Task objective → Among the lines below, the one containing "Cover von Diffusion Tensor Imaging" opens the range and the one containing "J Balvin nos" closes it. Print that range exactly, without the pictures.

Task material →
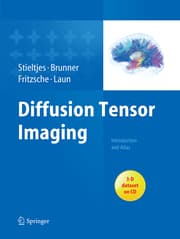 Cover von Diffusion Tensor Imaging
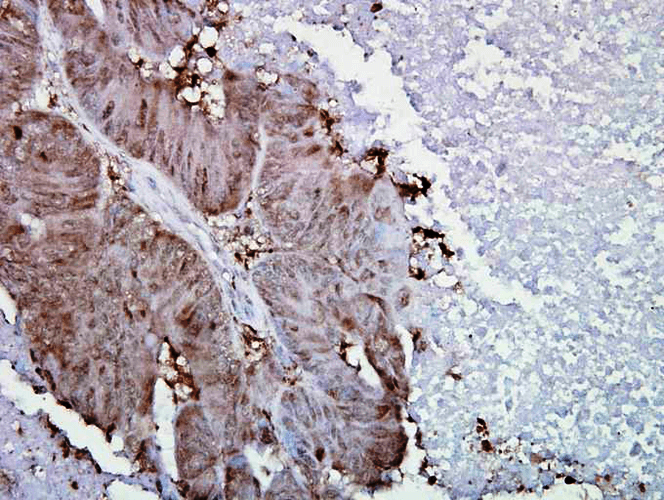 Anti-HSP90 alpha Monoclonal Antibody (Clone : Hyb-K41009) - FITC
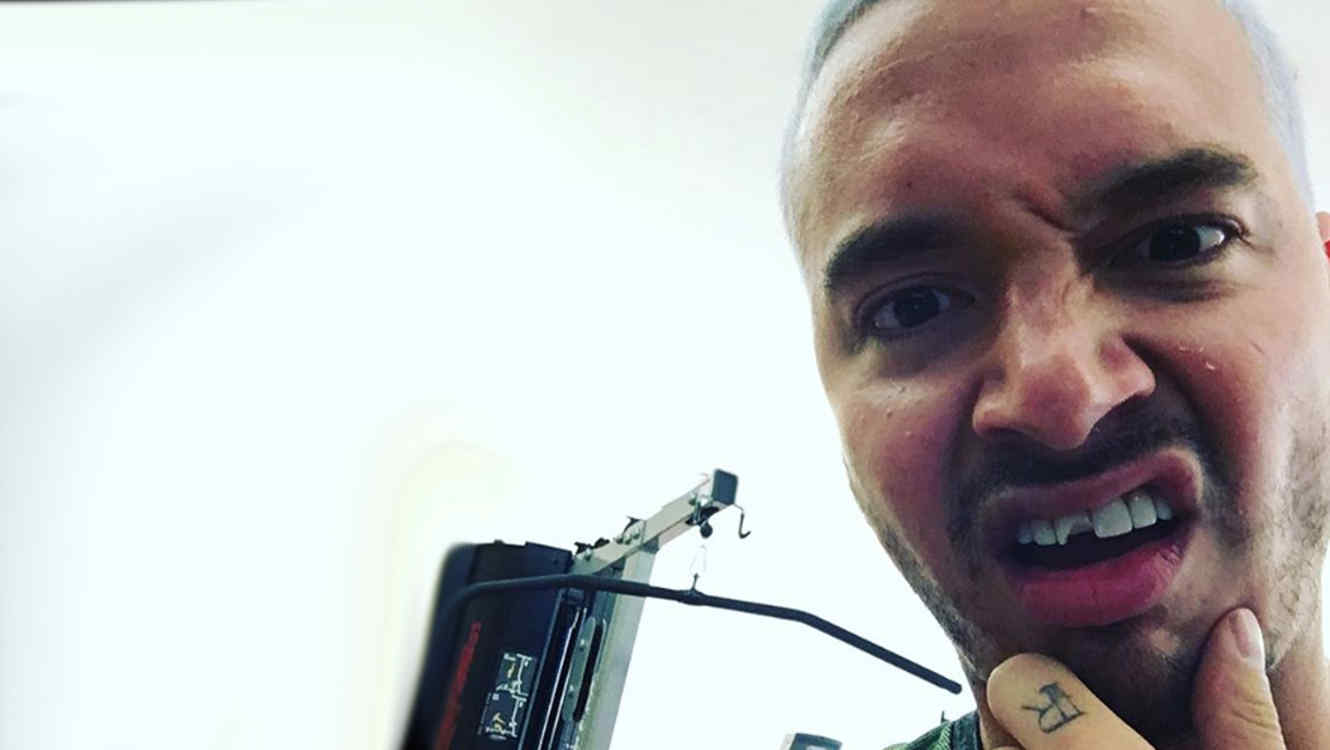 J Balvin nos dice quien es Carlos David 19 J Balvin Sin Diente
==
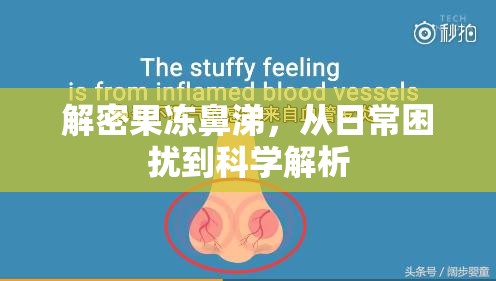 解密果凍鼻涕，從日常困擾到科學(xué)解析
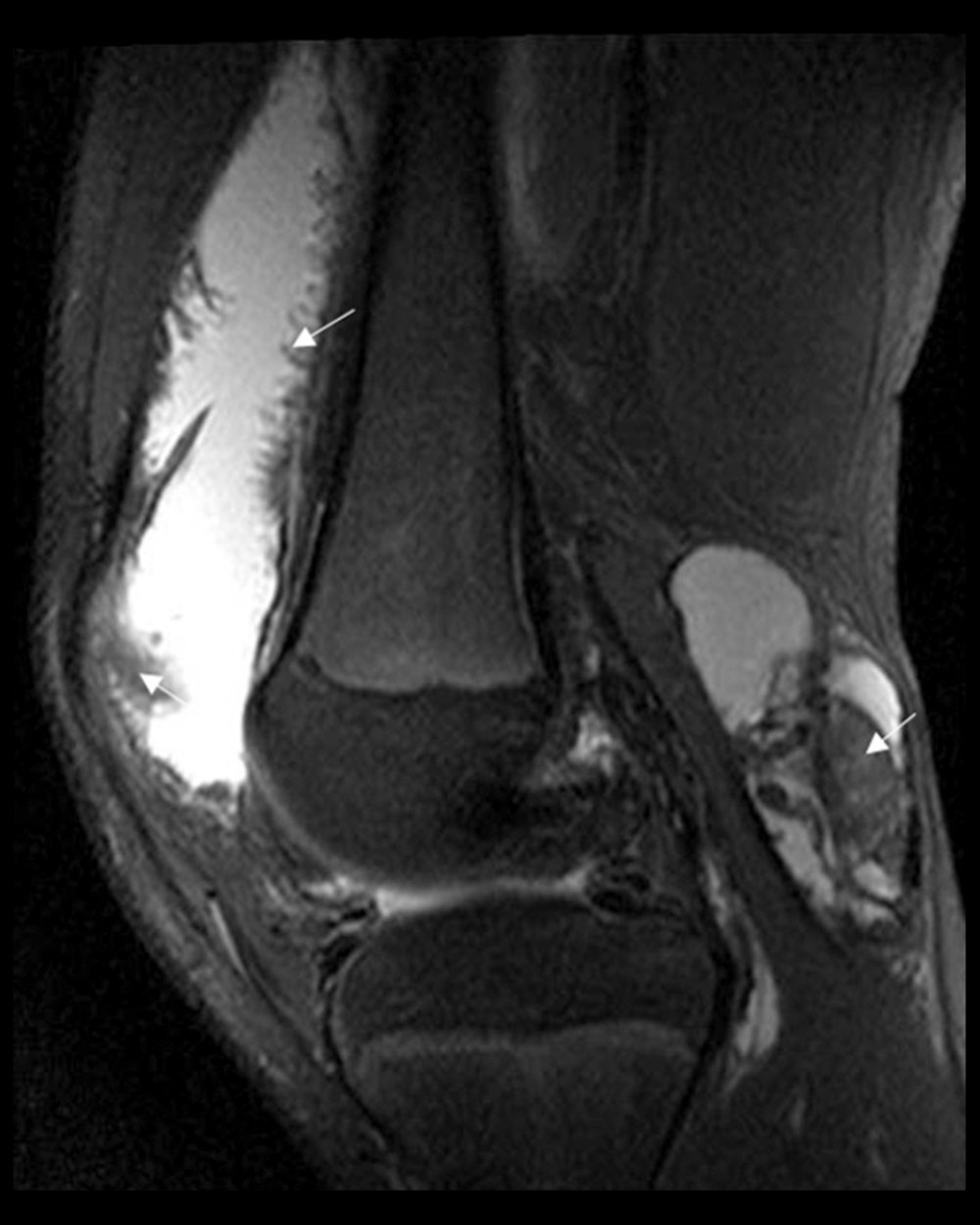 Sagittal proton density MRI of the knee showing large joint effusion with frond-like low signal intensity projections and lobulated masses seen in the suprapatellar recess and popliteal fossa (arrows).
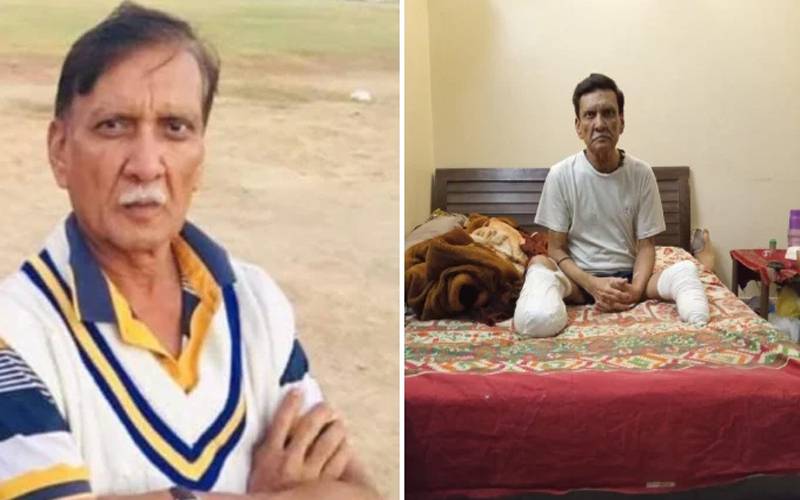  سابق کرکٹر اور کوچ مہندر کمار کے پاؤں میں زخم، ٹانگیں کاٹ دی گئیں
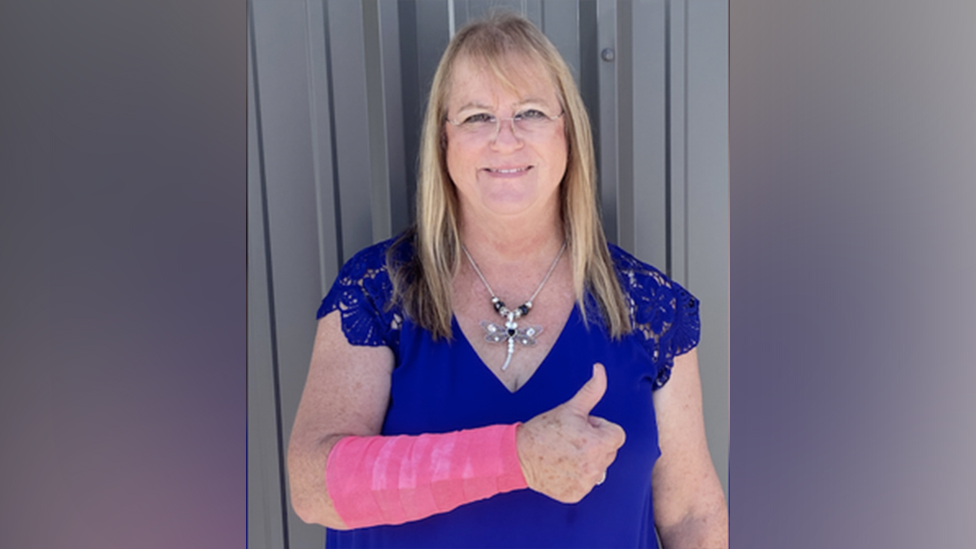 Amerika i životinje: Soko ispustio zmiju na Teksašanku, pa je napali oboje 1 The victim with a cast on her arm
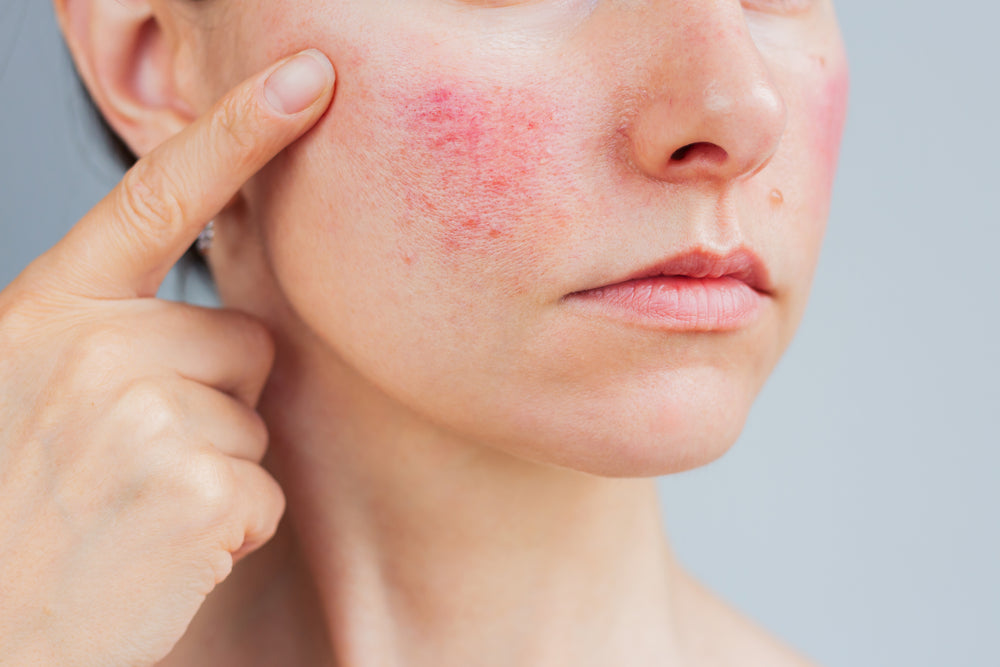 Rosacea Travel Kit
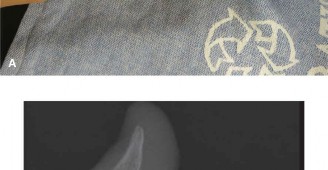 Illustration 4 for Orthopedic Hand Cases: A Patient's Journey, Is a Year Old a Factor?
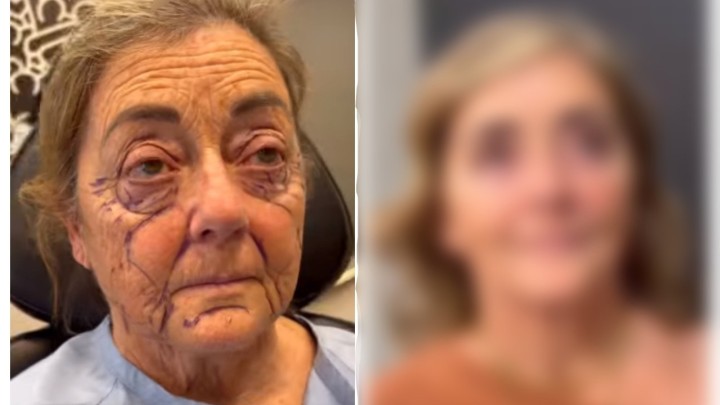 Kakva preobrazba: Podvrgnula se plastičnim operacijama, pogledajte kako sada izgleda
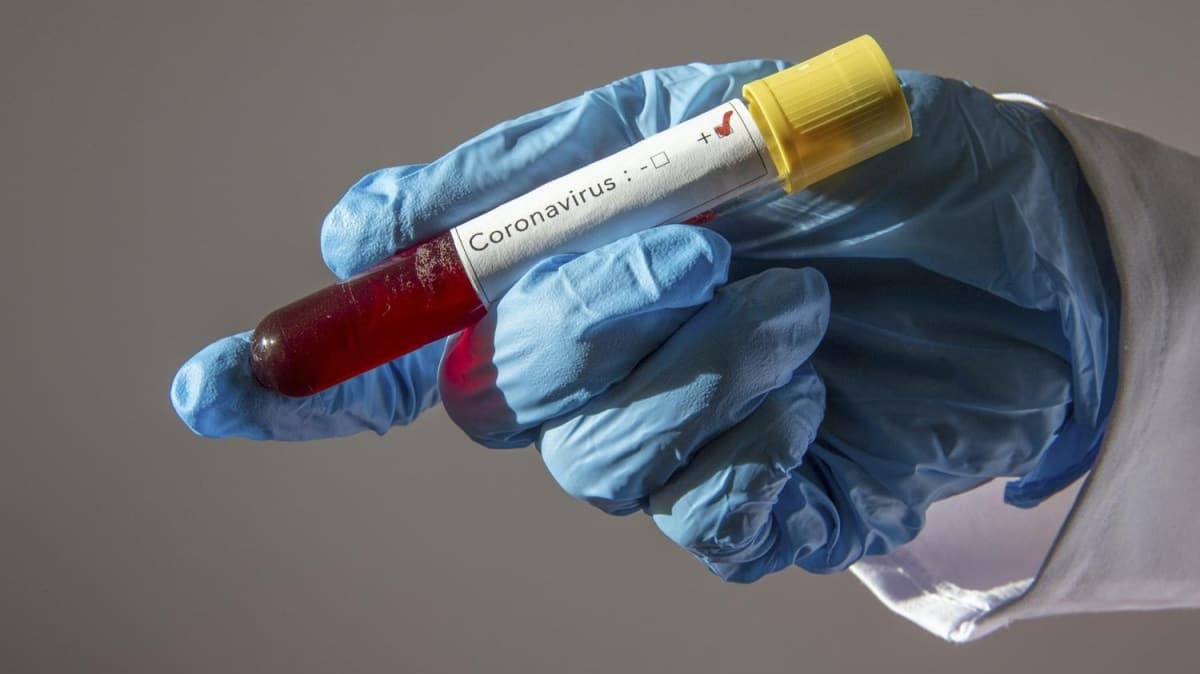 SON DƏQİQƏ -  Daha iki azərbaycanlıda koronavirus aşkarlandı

Problem solution →
 Cover von Diffusion Tensor Imaging
 Anti-HSP90 alpha Monoclonal Antibody (Clone : Hyb-K41009) - FITC
 J Balvin nos dice quien es Carlos David 19 J Balvin Sin Diente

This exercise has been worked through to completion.